Esoknya, kita cerita ke Pak Didik tentang kejadian nightmare tadi malam. Ternyata benar, kata Pak Didik dari cerita orang-orang juga, memang di bawah jembatan itu  ada “penunggunya”. Makanya Pak Didik salut pada kita yang berani malam-malam pulang sendiri. Pak Didik juga cerita tentang tempat-tempat yang angker seperti mess kami dan pohon sukun deket mess. Wah.. kita langsung kaget. Selama dua minggu tinggal, kita merasa biasa-biasa saja tidak ada hal yang aneh.

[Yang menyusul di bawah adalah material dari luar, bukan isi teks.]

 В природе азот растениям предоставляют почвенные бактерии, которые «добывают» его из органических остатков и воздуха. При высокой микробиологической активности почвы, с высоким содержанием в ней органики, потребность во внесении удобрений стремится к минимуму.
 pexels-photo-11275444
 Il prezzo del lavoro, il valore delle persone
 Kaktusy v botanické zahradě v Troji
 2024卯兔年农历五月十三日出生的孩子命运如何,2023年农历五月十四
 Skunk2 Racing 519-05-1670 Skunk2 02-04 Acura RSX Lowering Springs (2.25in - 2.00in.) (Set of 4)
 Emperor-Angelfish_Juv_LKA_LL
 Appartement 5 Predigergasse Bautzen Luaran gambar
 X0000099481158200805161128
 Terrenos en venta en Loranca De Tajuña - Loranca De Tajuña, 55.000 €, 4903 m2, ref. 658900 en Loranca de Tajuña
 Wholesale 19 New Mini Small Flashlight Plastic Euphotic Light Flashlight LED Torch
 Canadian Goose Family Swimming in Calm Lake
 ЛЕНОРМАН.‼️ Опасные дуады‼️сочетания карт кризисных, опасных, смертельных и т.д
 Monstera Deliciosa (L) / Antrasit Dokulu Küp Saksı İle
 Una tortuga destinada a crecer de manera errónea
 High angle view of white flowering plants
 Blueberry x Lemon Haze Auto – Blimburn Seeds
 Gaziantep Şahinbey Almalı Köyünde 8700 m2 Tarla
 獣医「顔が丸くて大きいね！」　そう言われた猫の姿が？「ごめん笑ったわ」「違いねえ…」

Memang pernah satu kali, aku dan Nuning malam-malam ada di dapur. Kita dengar ada suara air jatuh padahal waktu itu kita lagi tidak menyalakan pompa air. Karena aneh, aku dan Nuning saling pandang dan langsung cabut.. !! Lari ke dalam rumah. Soal pohon sukun kita juga rasa tidak ada yang aneh. Kita memang kadang keluar malam-malam ke tempat pak mandor besar sekedar konsultasi. Jalan ke tempat pak mandor itu melewati pohon sukun yang memang cukup besar tapi selama itu kita biasa-biasa aja. Dulu berdasarkan cerita memang mess kami rada angker. Yang tidur di mess biasanya “diganggu”. Tapi itu dulu waktu belum ada masjid. Teman-teman kelompok lain yang pernah nginap katanya juga merasa ada hal yang aneh di mess. Kalau malam mereka seperti mendengar suara anak kecil lagi mainan batu atau ada temen yang merasa waktu tidur malam ada yang mendekapnya. Kata teman juga lukisan pangeran Diponegoro yang ada di rung tamu itu juga aneh. Kalau lukisan itu kita lihat lama maka mata Diponegoro seperti hidup dan melihat kita. Hiyyy yang kedua kali ;-)
Tapi alhamdulillah, kita tidak terpengaruh. Kita merasa tidak ada yang yang mengganggu kami baik yang terlihat maupun yang tak terlihat. Akhirnya kita meninggalkan Kali Kempit dengan damai.